A dreamy chocolate linen from my stash wanted to be a summer neutral, but needed a little something to tame the rich color. Something like the fab-u-lous mud cloth I bought somewhere at sometime in the past that I can’t quite remember. It’s history didn’t matter the moment I attached the skirt to the waistband. The two fabrics were so right for each other, you’d think they’d met on eHarmony instead of in my sewing room.
The mud cloth has a canvas weight, so interfacing wasn’t necessary, but the two-inch waistband could’ve used more support, maybe even boning at the side seams or hidden elastic that would act kinda like a snugly interlining to keep it from collapsing. I fastened it at center back with a zipper and a massive sew-on snap.
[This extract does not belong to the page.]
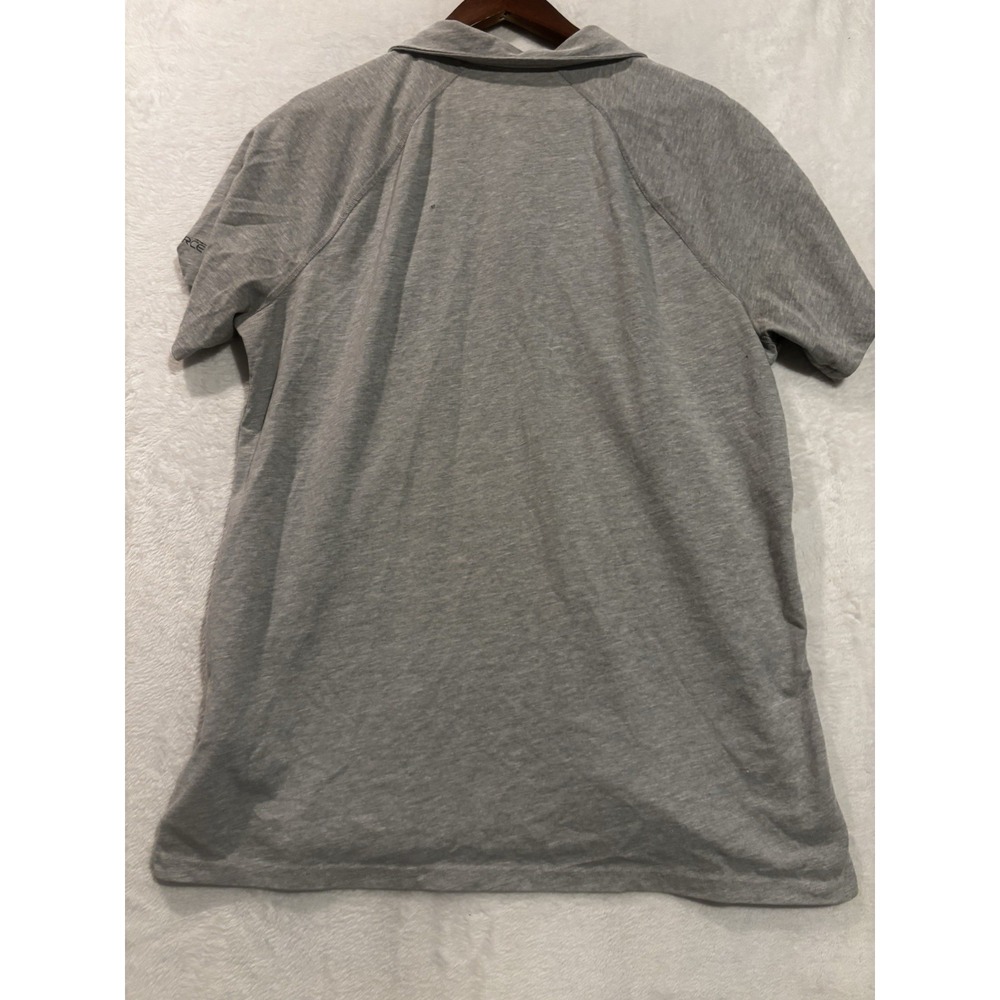 Carhartt Polo Shirt Men's Force Original Fit Large Short Sleeve Pocket Gray - Picture 8 of 10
I love the look and novelty of it, but after a hearty meal, that snap has been known to randomly pop open like a jack in the box (scaring the snap out of me), so I think I’ll go back to boring, more predictably behaving closures.
The volume of this skirt is what I love most about it. It’s also what I have to get used to so I don’t end up face-planting. Maybe I can help someone appreciate the awesomeness of a handmade skirt instead of being distracted and (possibly entertained) by its uncoordinated wearer.